Une Décision Modificative n°2 révélatrice de turbulences

La décision modificative n°2 du budget départemental permet d’adapter les niveaux de vote précédents, budget primitif et décision modificative n°1, eu égard à l’évolution de certaines opérations intervenues au cours de l’année.

Cette DM2 constate + 6M€ en matière de recettes de fonctionnement, celles-ci passant de 519 à
525 M€, avec la belle surprise de 4 M€ supplémentaires émanant des DMTO et portant cette taxe à 74 M€ à fin septembre. En matière de dépenses de fonctionnement, ce sont 24,2 M€ supplémentaires qui viennent s’ajouter au budget de base de 490 M€, la moitié de cette augmentation provenant du service en faveur des handicapés.

Les recettes d’investissement passent de 75 à 93 M€, avec une augmentation de 18 M€ portée par un emprunt de près de 16 M€. Les dépenses d’investissement restent fixées aux 103,8 M€ votés lors du BP 2024. Le compte administratif 2024 anticipé affichent des recettes de 542,7 M€ et des dépenses de 590,1 M€, soit un besoin de financement de 47,4 M€.

Une dette en progression de 17%

Cet exercice d’ajustement des comptes a été l’occasion de révéler certains indicateurs financiers du Département.
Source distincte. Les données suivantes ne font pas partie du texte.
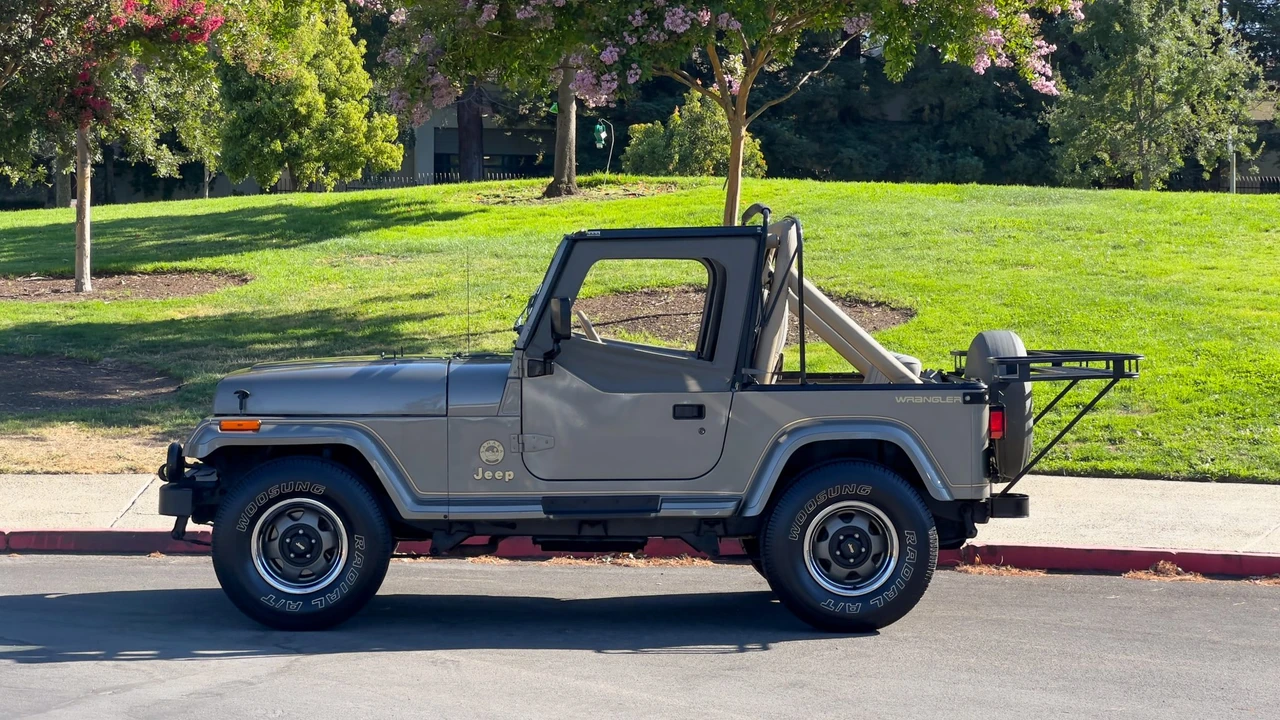 1991 Jeep YJ Wrangler - Image 7 of 31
La dette du Département de la Marne passerait de 156,2 M€ au 1er janvier 2024 à
183,5 M€ à fin 2024, soit une progression de 17%. L’épargne brute, recettes moins dépenses de fonctionnement, s’élèverait à 10,8 M€, une baisse de 150%. Le Département de la Marne n’est, pour l’instant, ni ruiné, ni dans le rouge. Et cependant, des clignotants s’installent. En premier lieu les 17 années de capacité de désendettement, largement au-dessus du niveau d’alerte, entre 12 et 15 ans.

Photo du conseil départemental de la Marne
(Crédit : GD)

Cette séance plénière d’avant budget 2025 a été l’occasion d’aborder une vingtaine des rapports. Parmi les plus significatifs financièrement : 1,3 M€ pour le contrat départemental 204-2027 de prévention et de protection de l’enfance, 0,6 M€ pour des investissements dans les crèches, 2,2 M€ pour l’évolution des dépenses des établissements et services médico-sociaux, ou encore 1,8 M€ pour des projets de création d’équipements.